Instructions for the task: Your output should be the lines below from the one with "Pre Everything 13x4" through the one with "köstlich hausgemacht Kroketten", copied exactly, pictures excluded.

Information supplied:

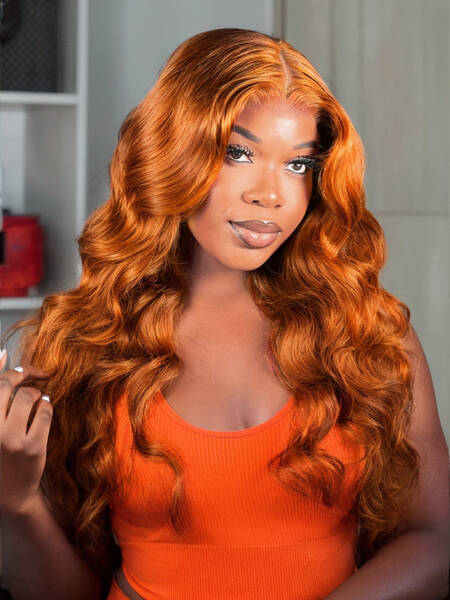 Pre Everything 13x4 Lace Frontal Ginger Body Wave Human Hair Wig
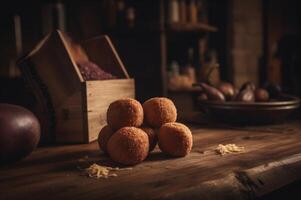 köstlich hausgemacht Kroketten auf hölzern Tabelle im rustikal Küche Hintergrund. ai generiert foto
---
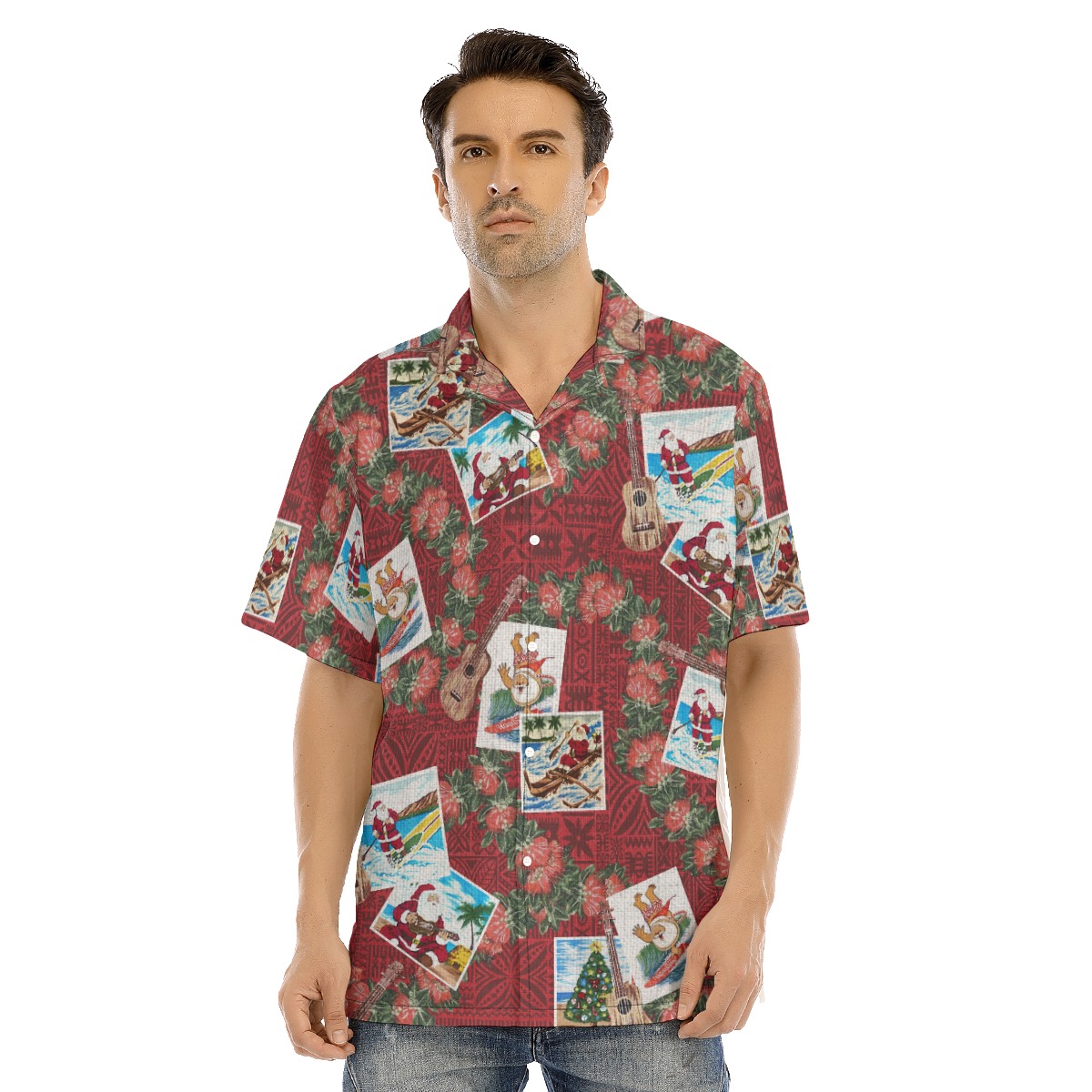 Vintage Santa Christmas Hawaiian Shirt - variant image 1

Solution below:
 Pre Everything 13x4 Lace Frontal Ginger Body Wave Human Hair Wig
 köstlich hausgemacht Kroketten auf hölzern Tabelle im rustikal Küche Hintergrund. ai generiert foto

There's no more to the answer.